• **YOUR INSTRUCTIONS**: All that is wanted is the exact text of the lines below from the one with "This shows the" through the one with "Aspen 5-Piece Outdoor", inclusive, minus any pictures.

• **PROVIDED ENTRIES**:
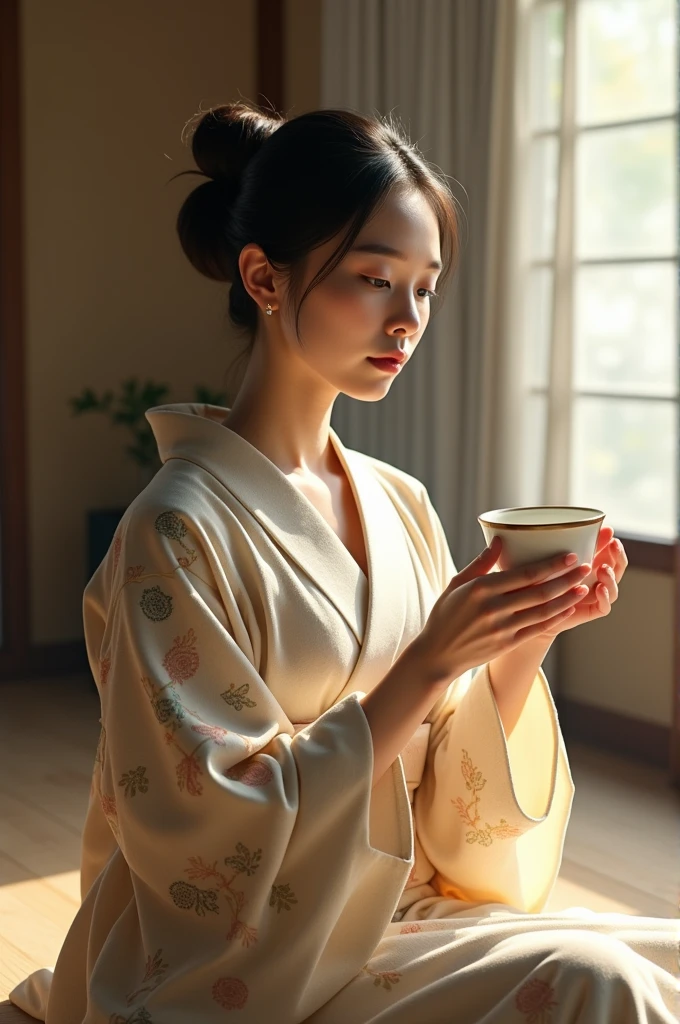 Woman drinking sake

* * *

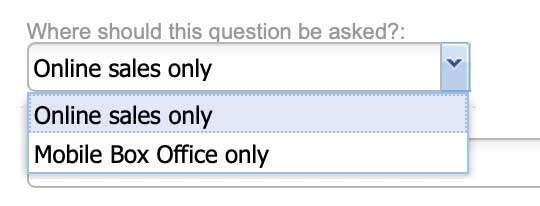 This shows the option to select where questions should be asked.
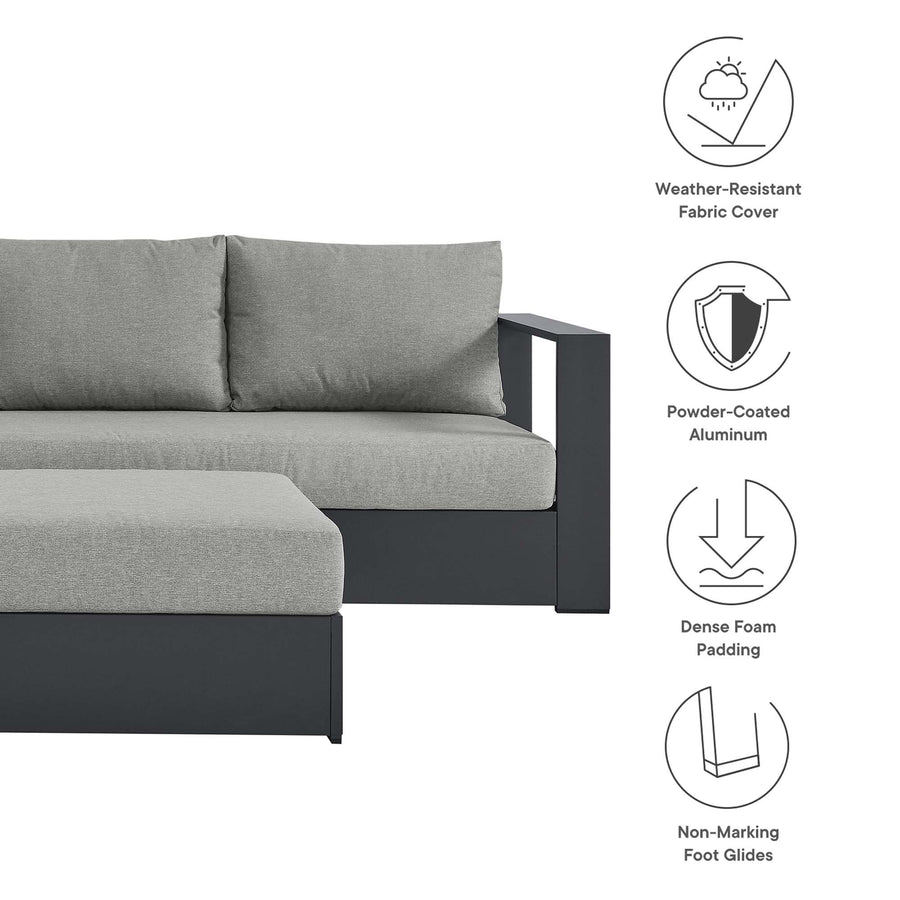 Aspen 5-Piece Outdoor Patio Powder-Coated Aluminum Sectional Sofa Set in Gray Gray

--

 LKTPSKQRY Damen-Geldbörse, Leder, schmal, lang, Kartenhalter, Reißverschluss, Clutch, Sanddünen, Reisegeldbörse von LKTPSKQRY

• **EXERCISE OUTPUT**:
 This shows the option to select where questions should be asked.
 Aspen 5-Piece Outdoor Patio Powder-Coated Aluminum Sectional Sofa Set in Gray Gray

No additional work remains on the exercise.